The first full-length treatment of the ways in which Spanish writers imitated religious depictions of saints' lives for comic purposes, Ryan D. Giles' erudite study explores the inversion of oaths, invocations, pious legends, and liturgical devotions. Analyzing a variety of texts from Libro de buen amor, to later works such as the Celestina, Carajicomedia, Lozana andaluza, and Lazarillo de Tormes, Giles not only sheds light on Golden Age Spanish literature, but also on the origins of the comic novel. A well-argued and convincing work, The Laughter of the Saints reveals the uproarious results of the collision of official and unofficial methods of storytelling.

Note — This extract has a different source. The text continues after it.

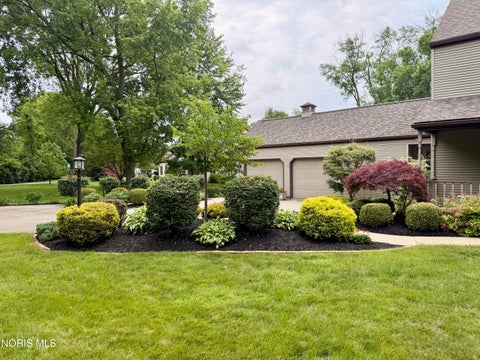 Tiny photo for 27 Ridge Drive, Fremont, OH 43420 (MLS # 10008981)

;A provocative study Through interesting analyses, The Laughter of the Saints documents how humour and sanctity coincided in medieval and early modern texts without provoking scandal but rather causing audiences, well familiar with the cults of the saints, to reflect upon the link between the sacred and the profane, the saint and the sinner. Jane E. Connolly; Bulletin of Spanish Studies; vol88:04:2011
The Laughter of the Saints offers a compelling examination of medieval and early- modern parodies of saints Giles' book is valuable to folklorists in its cultural and textual contextualization of Spanish religious parodies, many of which draw upon rich folklore traditions. Steve Stanzak: Journal of Folklore Research; June 23, 2011
This is an invaluable work of scholarship which sheds significant new light on the literary uses of saints and their learned and festive connotations in medieval and Golden Age texts It will allow scholars to appreciate and recreate a prism of reading that was once commonplace but has been eroded by the desuetude of hagiography and the eradication of popular sacred parody. Jonathan Bradbury; The Modern language Review: vol 106:04:2011
‘This volume taught me a lot and had me smiling while I was learning. What more could a reader ask for? ’ Ronald E. Surtz, Speculum: a Journal of Medieval Studies; vol 86: 04: 2011
‘Giles’s study offers an imaginative and well-researched exploration of ‘the kind of humour that was being suppressed and exploited by authorities at the dawn of the modern age’, arguing convincingly that the parodic use of saints and religious imagery provided ‘a carnivalsque model for the lives of picaros and other modernizing anti-heroes.’ Andrea Weisl-Shaw, Medium Aevum; vol 80(1) (16)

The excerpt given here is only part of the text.